Un destacado profesor de Bioética de la Universidad de Princeton, y célebre por su prédica en favor de la "liberación" animal, Peter Singer, aseguró en El País que "el aumento de los precios de los alimentos el año pasado hizo que el número de personas que padecen hambre rebasara los 1.000 millones (...) para lograr avances sostenibles en la reducción de la pobreza extrema, harán falta mejoras en la cantidad y la calidad de la ayuda". Sólo unos pocos países llegan al 0,7 % del PIB, que a Singer le parece un "modesto objetivo" y que explica la muerte de tantos infelices.
Ignoro si fue citado en los increíbles debates sobre los toros en Cataluña, que desembocaron en que socialistas, comunistas y nacionalistas prohibieran allí la fiesta, pero Singer tiene a propósito de este asunto una solvencia claramente reflejada en esta declaración: "Los animales comparten con nosotros la capacidad de sufrir (...) no hay razón alguna por la cual debamos dar menos consideración a sus intereses que la que damos a los intereses similares de los miembros de nuestra propia especie". Está claro: somos iguales a los animales, exactamente.

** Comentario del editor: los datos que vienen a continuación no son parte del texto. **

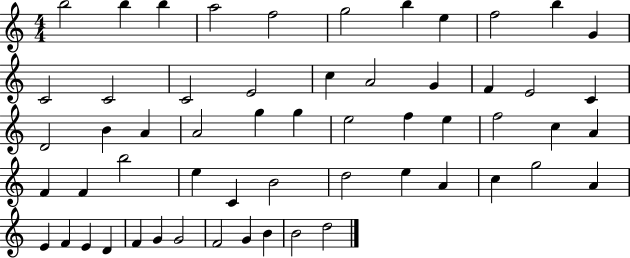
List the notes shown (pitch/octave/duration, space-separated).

B5/h B5/q B5/q A5/h F5/h G5/h B5/q E5/q F5/h B5/q G4/q C4/h C4/h C4/h E4/h C5/q A4/h G4/q F4/q E4/h C4/q D4/h B4/q A4/q A4/h G5/q G5/q E5/h F5/q E5/q F5/h C5/q A4/q F4/q F4/q B5/h E5/q C4/q B4/h D5/h E5/q A4/q C5/q G5/h A4/q E4/q F4/q E4/q D4/q F4/q G4/q G4/h F4/h G4/q B4/q B4/h D5/h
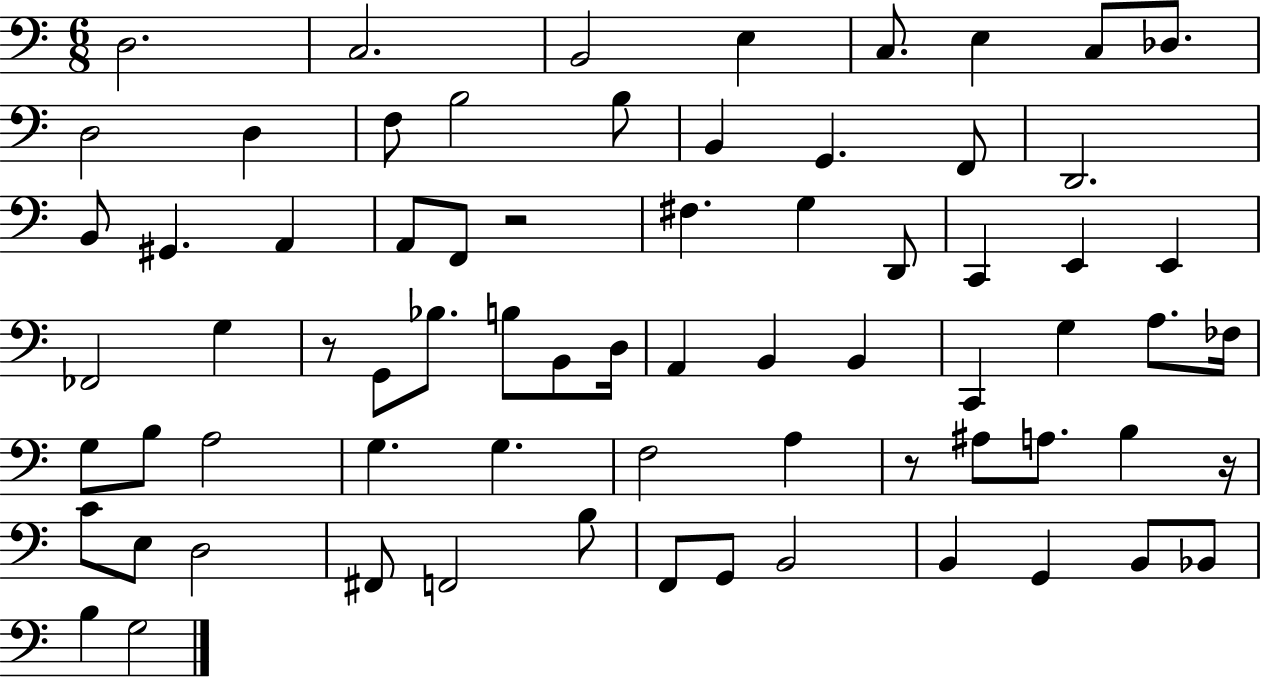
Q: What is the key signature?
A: C major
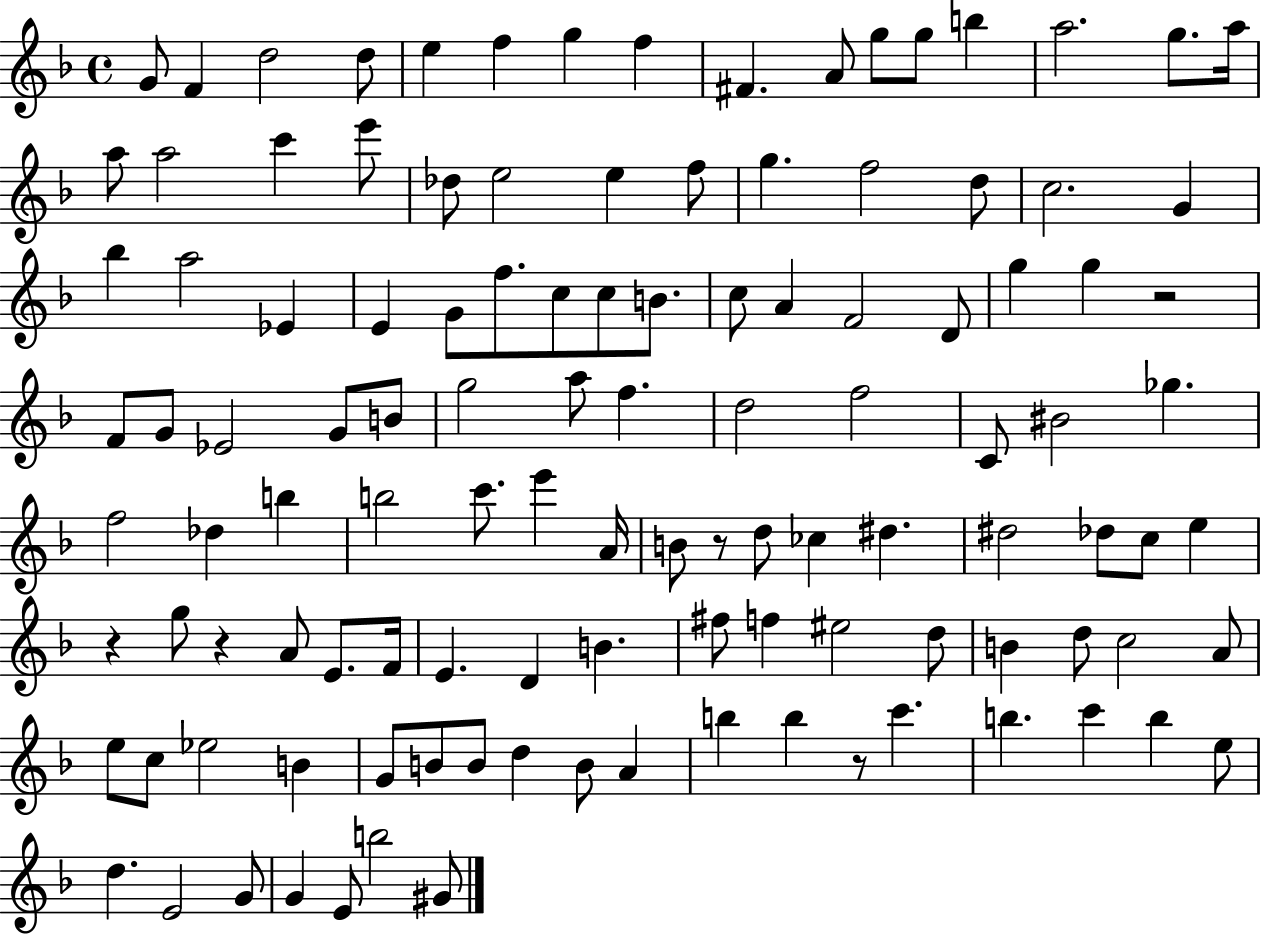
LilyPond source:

{
  \clef treble
  \time 4/4
  \defaultTimeSignature
  \key f \major
  g'8 f'4 d''2 d''8 | e''4 f''4 g''4 f''4 | fis'4. a'8 g''8 g''8 b''4 | a''2. g''8. a''16 | \break a''8 a''2 c'''4 e'''8 | des''8 e''2 e''4 f''8 | g''4. f''2 d''8 | c''2. g'4 | \break bes''4 a''2 ees'4 | e'4 g'8 f''8. c''8 c''8 b'8. | c''8 a'4 f'2 d'8 | g''4 g''4 r2 | \break f'8 g'8 ees'2 g'8 b'8 | g''2 a''8 f''4. | d''2 f''2 | c'8 bis'2 ges''4. | \break f''2 des''4 b''4 | b''2 c'''8. e'''4 a'16 | b'8 r8 d''8 ces''4 dis''4. | dis''2 des''8 c''8 e''4 | \break r4 g''8 r4 a'8 e'8. f'16 | e'4. d'4 b'4. | fis''8 f''4 eis''2 d''8 | b'4 d''8 c''2 a'8 | \break e''8 c''8 ees''2 b'4 | g'8 b'8 b'8 d''4 b'8 a'4 | b''4 b''4 r8 c'''4. | b''4. c'''4 b''4 e''8 | \break d''4. e'2 g'8 | g'4 e'8 b''2 gis'8 | \bar "|."
}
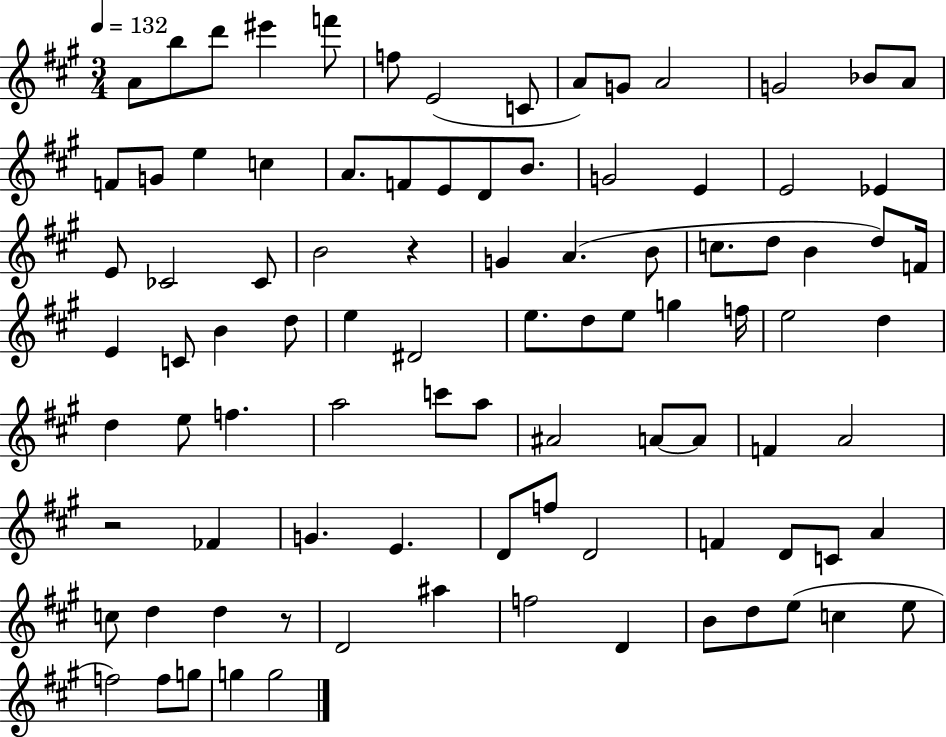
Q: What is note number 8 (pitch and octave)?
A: C4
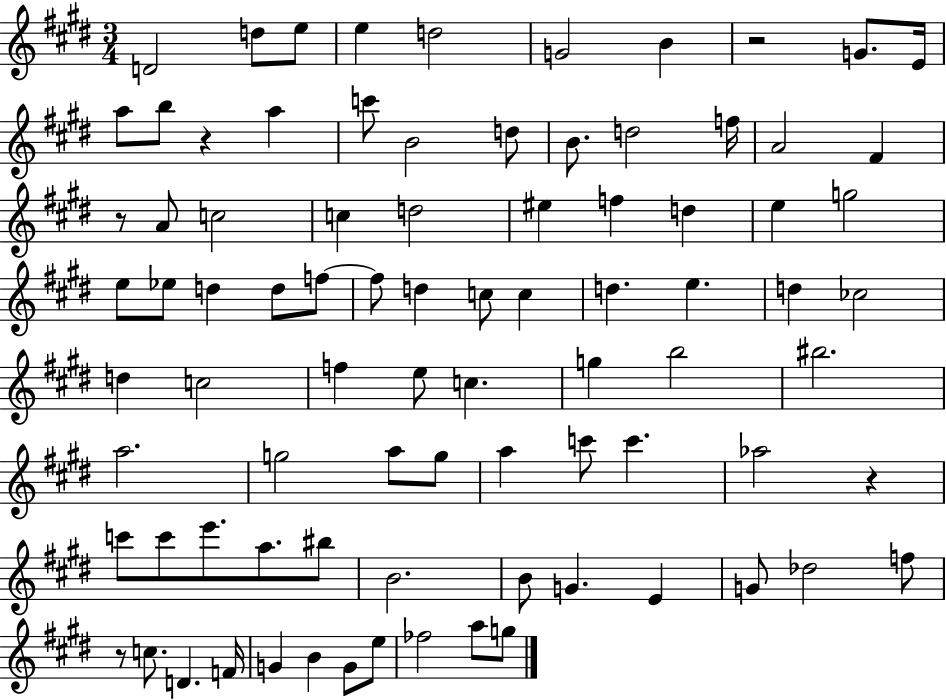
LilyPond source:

{
  \clef treble
  \numericTimeSignature
  \time 3/4
  \key e \major
  d'2 d''8 e''8 | e''4 d''2 | g'2 b'4 | r2 g'8. e'16 | \break a''8 b''8 r4 a''4 | c'''8 b'2 d''8 | b'8. d''2 f''16 | a'2 fis'4 | \break r8 a'8 c''2 | c''4 d''2 | eis''4 f''4 d''4 | e''4 g''2 | \break e''8 ees''8 d''4 d''8 f''8~~ | f''8 d''4 c''8 c''4 | d''4. e''4. | d''4 ces''2 | \break d''4 c''2 | f''4 e''8 c''4. | g''4 b''2 | bis''2. | \break a''2. | g''2 a''8 g''8 | a''4 c'''8 c'''4. | aes''2 r4 | \break c'''8 c'''8 e'''8. a''8. bis''8 | b'2. | b'8 g'4. e'4 | g'8 des''2 f''8 | \break r8 c''8. d'4. f'16 | g'4 b'4 g'8 e''8 | fes''2 a''8 g''8 | \bar "|."
}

Tras esta clase de melonadas en el campo biológico no cabía esperar una reflexión económica solvente. Por ejemplo, que la subida de los precios de los alimentos debió mejorar la situación de los países pobres, porque muchos de ellos los producen (el daño pudo estribar en que los gobiernos de otros países no les permitieran exportar su producción); que el hambre en el mundo se ha ido reduciendo marcadamente en las últimas décadas; que ninguna ayuda exterior ha reducido la pobreza de modo apreciable o de modo comparable al esfuerzo de los propios ciudadanos de los países pobres; que las muertes por pobreza y hambre no se deben a la falta de ayuda sino a la falta de paz, de justicia y de libertad que millones de personas sufren por culpa de sus gobernantes.